The medium-term future of Sun will look much safer if Oracle's proposed $7.4bn acquisition goes through.

The medium-term future of Sun will look much safer if Oracle's proposed $7.4bn acquisition goes through. But while it may provide assurances for end-user customers, it could present channel and technology partners with food for thought.

The industry took a deep intake of breath earlier today as it emerged that Oracle had replaced IBM as the likely buyer of troubled Sun, with both describing the situation as a momentous day for the industry.

There had been question marks hanging over Sun's future, as the company had consistently made quarterly losses and struggled to fully regain the market position that it enjoyed during the boom.

The deal with Oracle will ensure the survival of Sun for the medium term, said Peter Spreadbury, director enterprise partners at corporate integrator-come-reseller SCC. But he added that it could disrupt technology partnerships Oracle holds with HP and IBM.

"The challenge is how will HP and IBM digest the development?
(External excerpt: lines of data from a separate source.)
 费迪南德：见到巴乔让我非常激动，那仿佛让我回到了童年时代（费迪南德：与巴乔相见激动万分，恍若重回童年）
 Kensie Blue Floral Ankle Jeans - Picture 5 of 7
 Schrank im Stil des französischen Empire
They are big partners to Oracle and now Oracle is acquiring one of their biggest competitors," he said.

Official figures are not available but according to estimates, 20% to 30% of Oracle database software ships on Sun hardware.
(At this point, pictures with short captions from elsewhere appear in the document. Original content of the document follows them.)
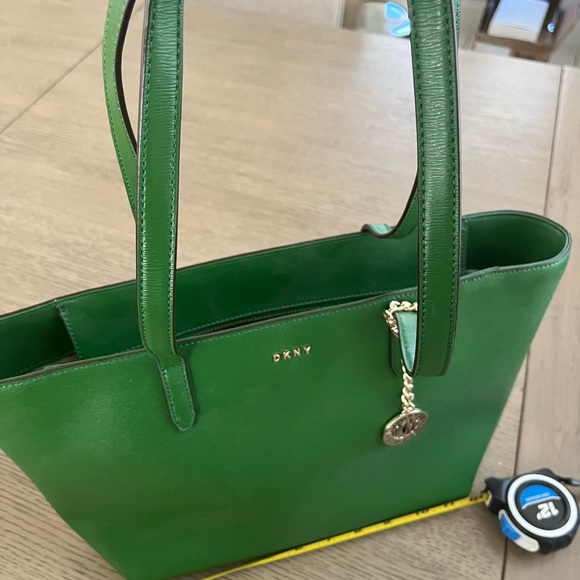 DKNY Sutton Leather Bryant Medium Tote - Picture 8 of 8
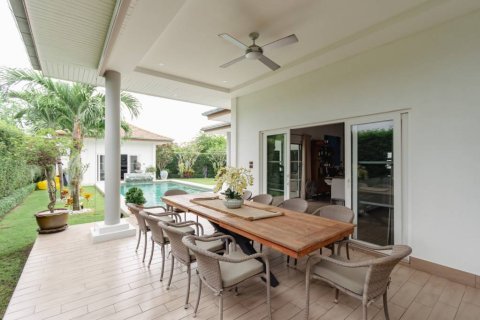 Chalet de 4 dormitorios en Hua Hin, Tailandia № 134490 - foto 7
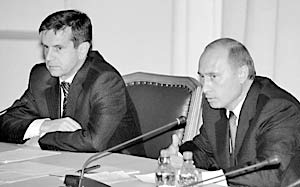 Министр здравоохранения и социального развития РФ Михаил Зурабов и президент России Владимир Путин во время выездного заседания президиума Госсовета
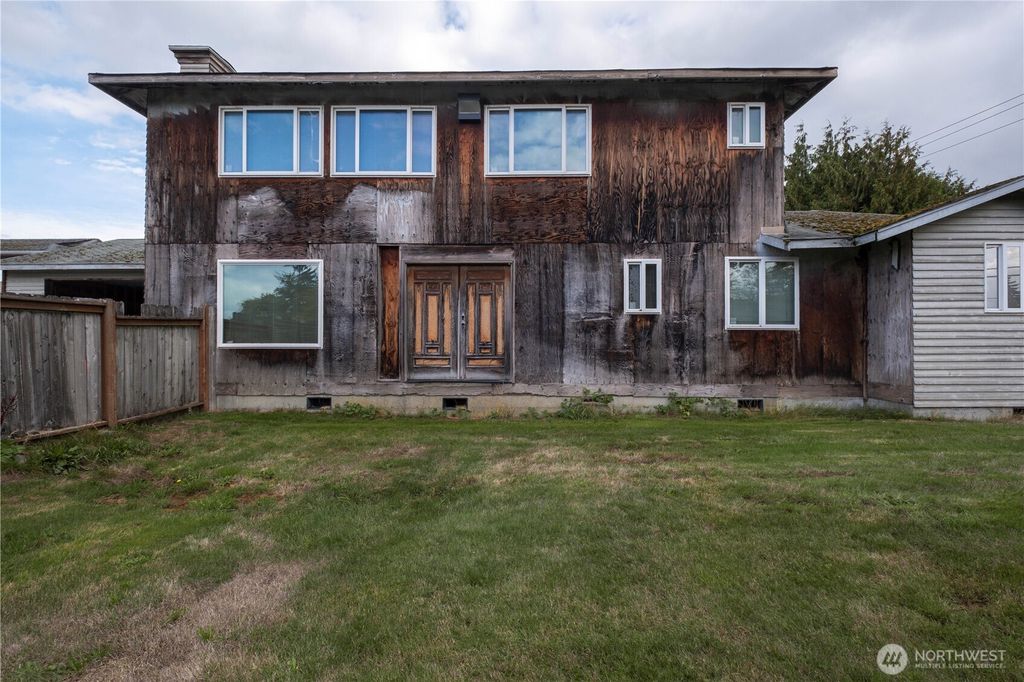 Photo of 2306 S 128th Street, Burien, WA 98168 (MLS # 2444764)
"Oracle could upset the other 70% of the market by buying a competitor to them," said Greg Carlow, managing director at Repton.
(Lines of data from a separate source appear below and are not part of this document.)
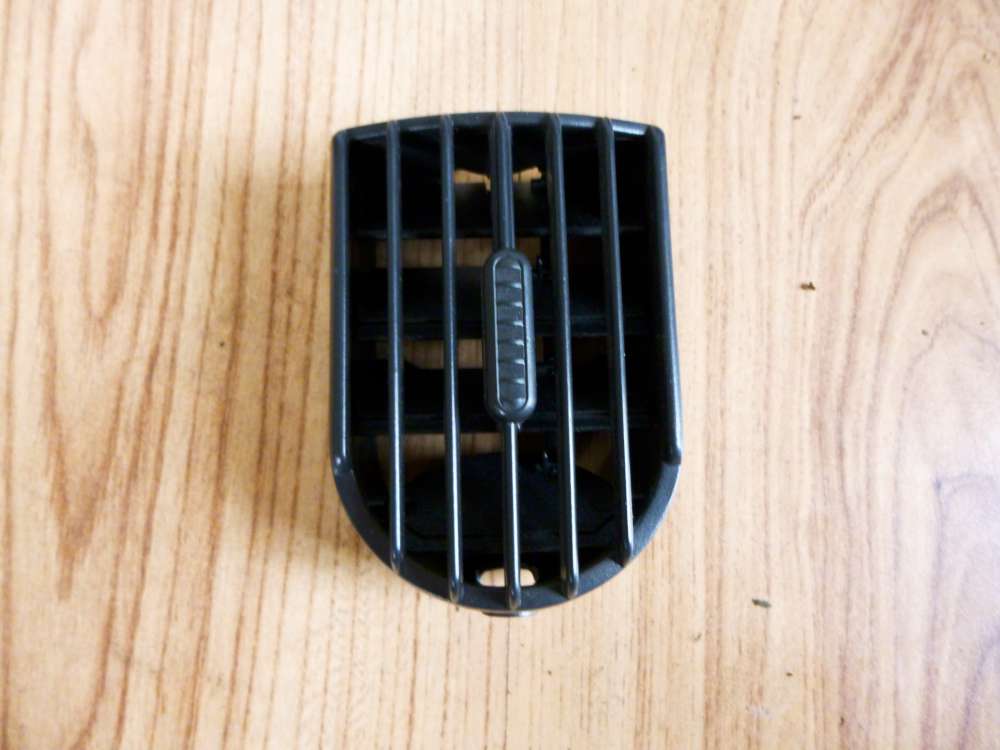 Opel Corsa C Bj 02-06 Luftdüse links 23090
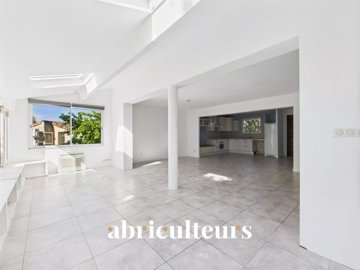 1 - Lambesc, Maison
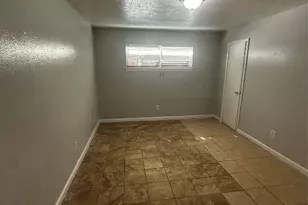 8110 Albacore Dr, Houston, TX 77074 - Photo 7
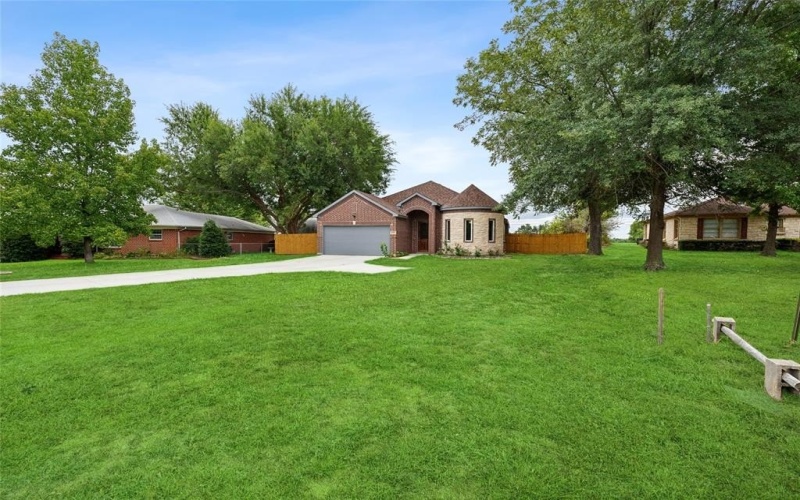1202 Commerce Drive, Greenville, TX 75401, 4 Bedrooms Bedrooms, ,2 BathroomsBathrooms,Residential,For Sale,1202 Commerce Drive,20934028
But Alastair Kitching, COO at Esteem Systems, believed this would not be a concern in the polygamous IT industry. There are already a number of complex relationships in place with vendors competing and co-operating in different market sectors.

"The deal is good news for Sun and its customers but I am not sure what it means for the channel because I don't think Oracle has as good a reputation for channel management as Sun, so from that perspective the verdict is out," he added.

The initial view from Mike Phillips, chief executive at Morse was that Oracle's acquisition of Sun should prove less destabilising than if IBM's bid had been successful.

"A deal with IBM would have led to a re-organisation, so some of our relationships would have been less strong but we do not anticipate as many duplications with Oracle," he said.

IDC European server research programme director, Nathaniel Martinez, thought there were "synergies" between the two organisations in the datacentre, but a question mark hangs over Sun's open source software business.

"I don't see Larry Ellison (Oracle CEO) being too happy about that technology because it is free which won't help Oracle's database margins," he said, adding Sun has "best of breed" software but has failed to commercialise it.